So, what does great office culture look like to you? And perhaps more importantly, how does that culture impact the work you do, the people you hire and the projects you pursue? These were some of the questions that panelists and guests tackled together at a recent Small Talks hosted by Mass Relevance in Austin, Texas.

Liz Elam, Matt Chasen, Paul O'Brien, Sam Decker and Dean Kakridas brought cocktail hour to a close by pouring decades of combined experience, passion, wisdom and advice into the crowd that had gathered. The take-aways remind us all that when it comes to fostering an inspiring workplace, "the rising tide lifts all boats." Things as simple as offering a genuine smile, enjoying–instead of stifling– the sound of laughter, and injecting positive energy into a room can do more for your office culture than merely buying a video game for the break room. "Your personal mood, for instance, has a big impact on the mood of the members in your space," said Liz.

When culture is hitting on all cylinders, it will inspire those in your company to reach higher and dig deeper. You'll start to see magic unfolding. But, when people aren't tracking with your message or your culture, you'll feel it in your gut. You'll know something's off. Said Sam, "There are “guard rails” that define your culture, but as your business grows and expands, those guard rails also expand. And if someone inside your company is outside the guard rails, then you need to address it."
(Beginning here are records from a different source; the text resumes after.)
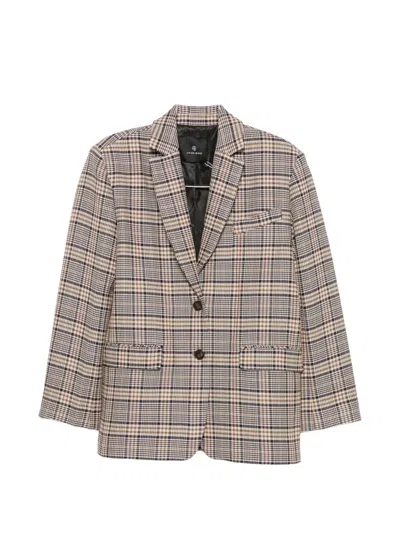 Anine Bing Quinn Check-pattern Single-breasted Blazer In Multi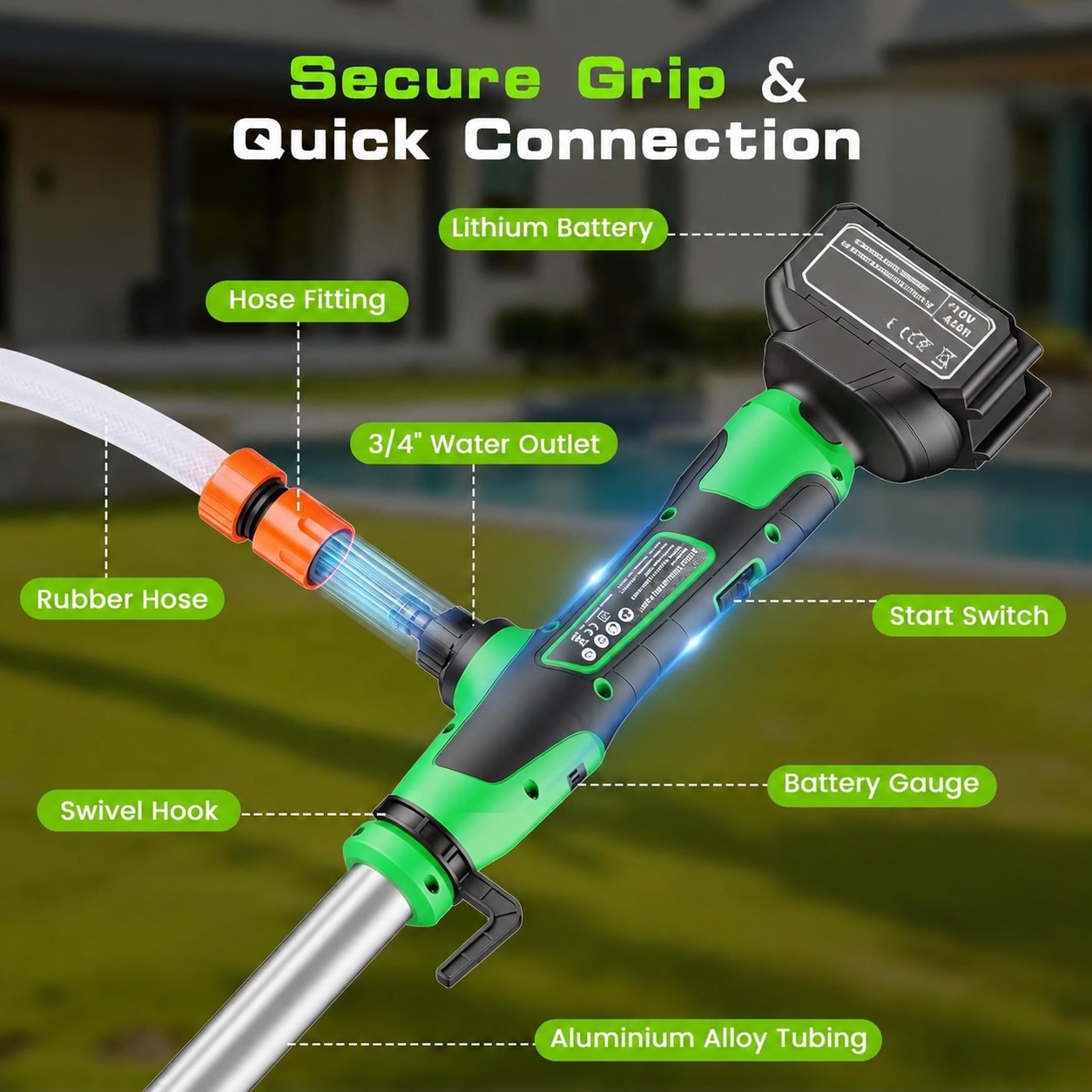LAIFUCAM Cordless Stick Water Transfer Pump Portable Electric Pump 720 ...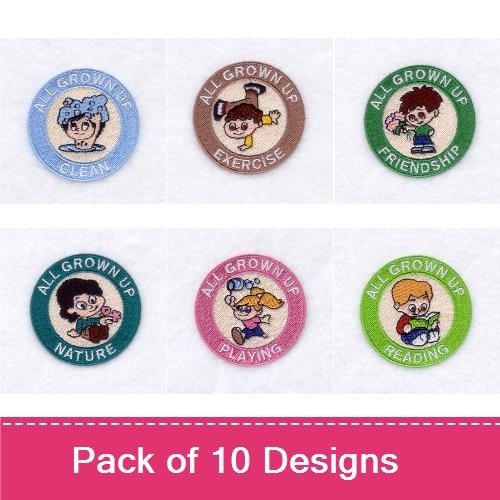 ITH Activity Badges for Kids Embroidery Bundle – Clean, Exercise, Friendship & More (10 Designs)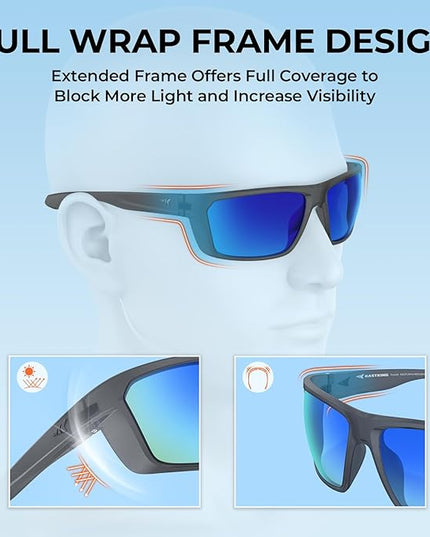 KastKing Huzzah Polarized Sport Sunglasses for Men and Women, Ideal for Driving Fishing Cycling and Running,UV Protection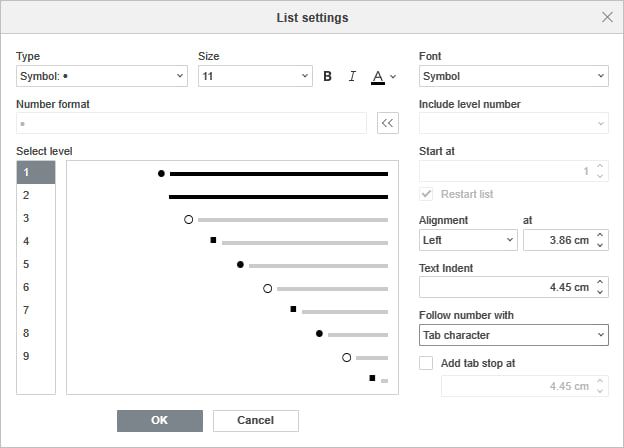 Fenêtre Paramètres avancés de la liste multiniveaux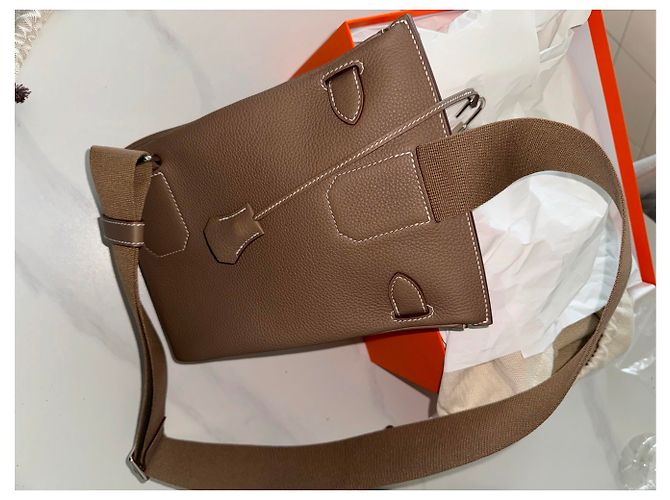 Kelly Hermès Zaino HAC PM VEAU TOGO 18 Etoupe - vista 10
With both guests and speakers sharing stories and talking, the night produced powerful encouragement for the beginner and advice for those already well along the path to success. Here are a few simple, actionable tips for startups and entrepreneurs: 

  • Never forget that people set the tone for culture
  • Consider whether a potential new hire will fit your culture. If so, promise to give them a great place to get their work done.
  • Brand is a reflection of people inside the company, but culture is driven by the founders.
  • Let your team be real and act in ways that reflect their unique personalities. And leaders — set the stage for that freedom!
  • Hire well, hire well, hire well. This is difficult to do when you grow to more than 150 people, as hiring practices are generally shifted to another person's role within the organization. Still, keep a pulse on who may be joining you and don't underestimate the power of their attitude to inspire or damage the team.
  • Leaders: be present and be observant.
  • Host lunches and encourage everyone to eat together. Allow for spontaneous interaction. Sam explained that in their new space they created the open kitchen with big tables so that conversation is encouraged.  
  • It's possible to "over-talk" culture. Everything you do can be attractive –not just culture, but how you market, for example. Be yourself. Be who you are.


What have you learned about great culture that you'd add to our list? Did our Small Talks guests get it right?